Rationale: Several common and rare genetic variants have been associated with idiopathic pulmonary fibrosis, a progressive fibrotic condition that is localized to the lung.

Objectives: To develop an integrated understanding of the rare and common variants located in multiple loci that have been reported to contribute to the risk of disease.

Methods: We performed deep targeted resequencing (3.69 Mb of DNA) in cases (n = 3,624) and control subjects (n = 4,442) across genes and regions previously associated with disease. We tested for associations between disease and 1) individual common variants via logistic regression and 2) groups of rare variants via sequence kernel association tests.
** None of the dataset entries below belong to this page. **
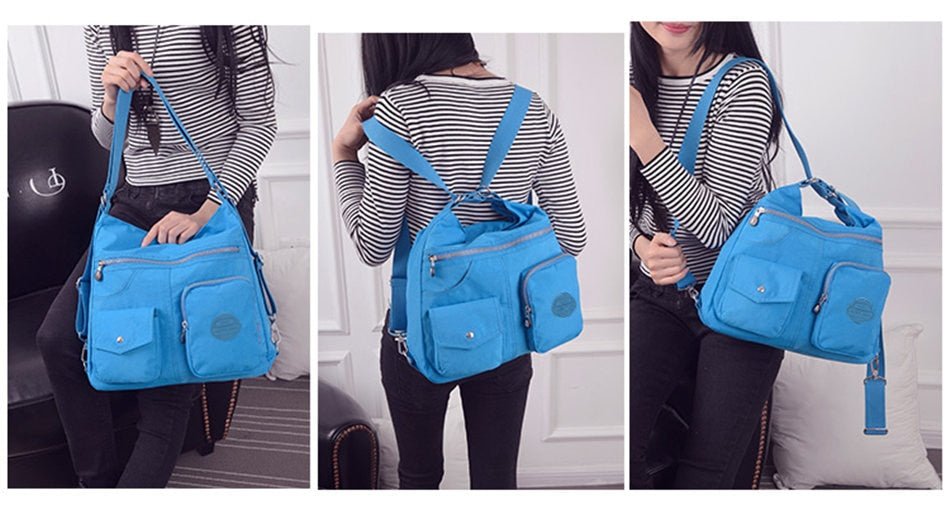 Waterproof Women Designer Handbag image 19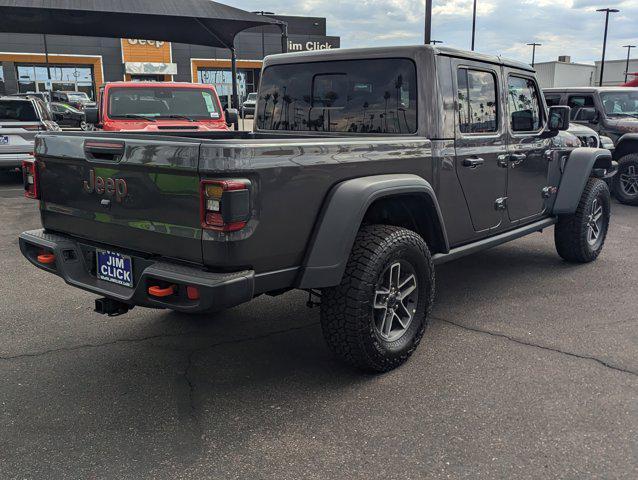 new 2025 Jeep Gladiator car, priced at $54,499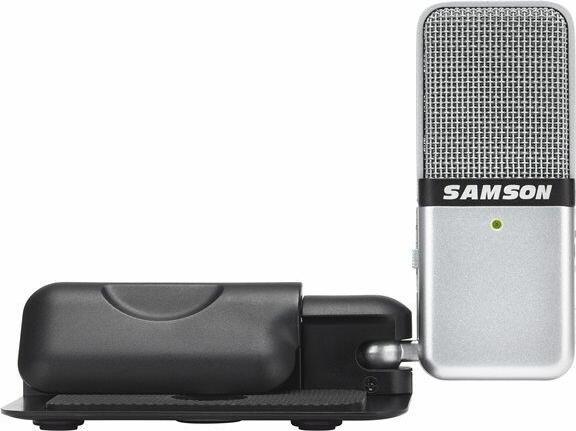 Actual product image Samson Go Mic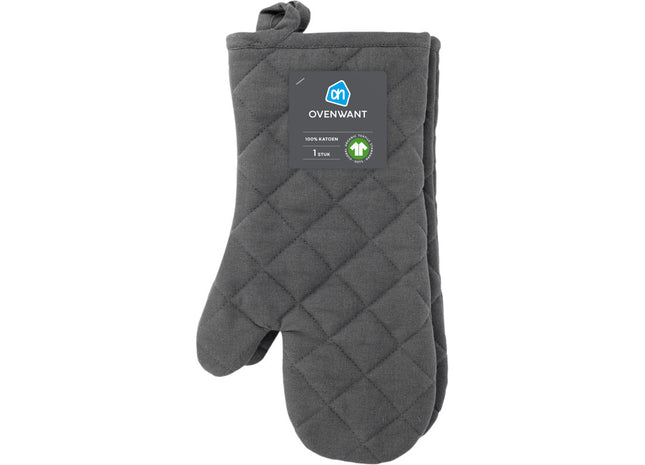 Ovenwant grijs denim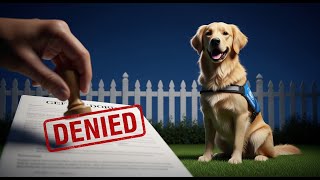 HOA Banned My Service Dog… My ADA Compliance Lawsuit Forced the Entire Board to Resign 🐕⚖️ HOA…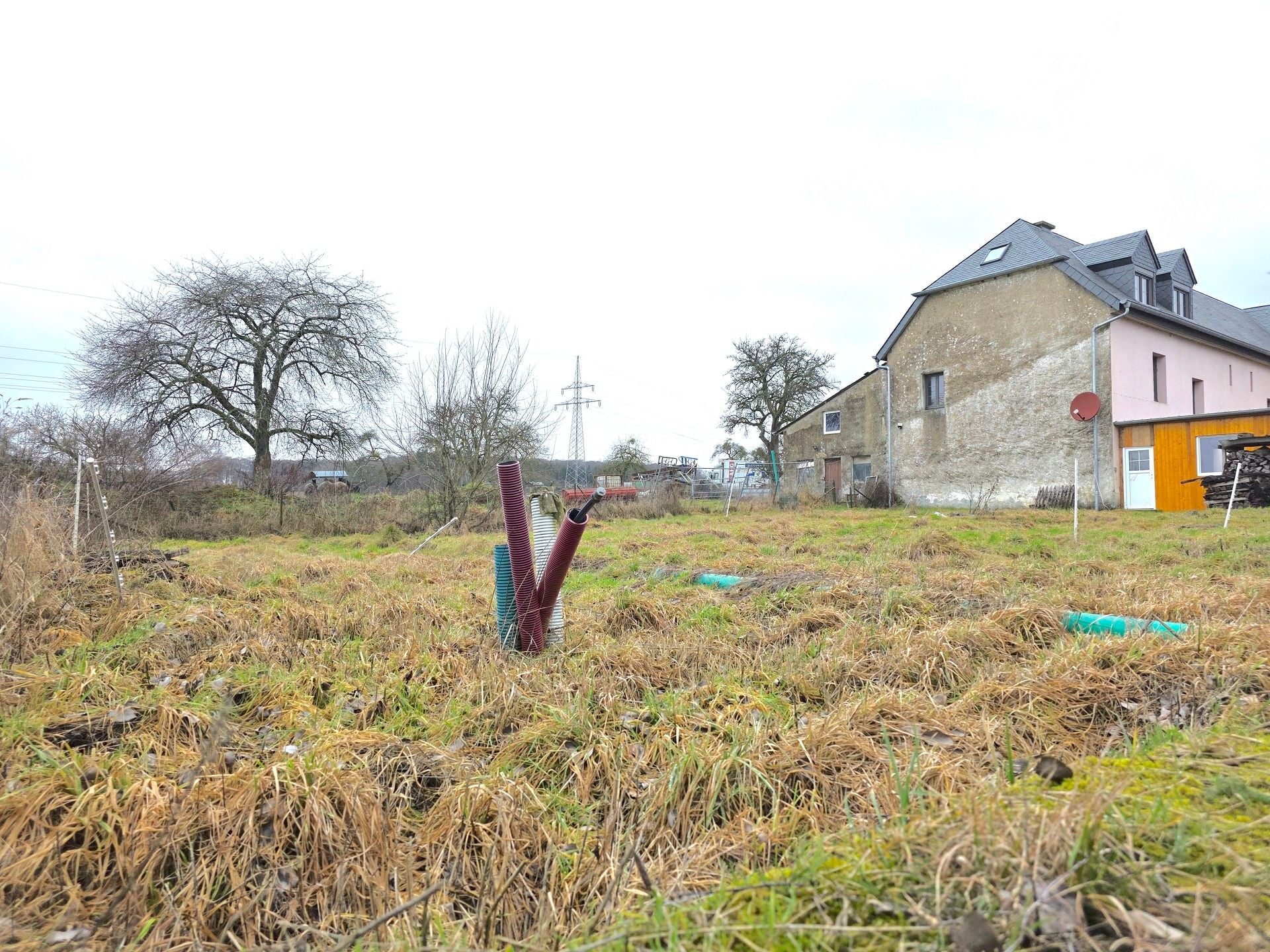 Terrain constructible en vente à Savelborn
Measurements and Main Results: Statistically significant common variant association signals occurred in all 10 of the regions chosen based on genome-wide association studies. The strongest risk variant is the MUC5B promoter variant rs35705950, with an odds ratio of 5.45 (95% confidence interval, 4.91-6.06) for one copy of the risk allele and 18.68 (95% confidence interval, 13.34-26.17) for two copies of the risk allele (P = 9.60 x 10(-295)). In addition to identifying for the first time that rare variation in FAM13A is associated with disease, we confirmed the role of rare variation in the TERT and RTEL1 gene regions in the risk of IPF, and found that the FAM13A and TERT regions have independent common and rare variant signals.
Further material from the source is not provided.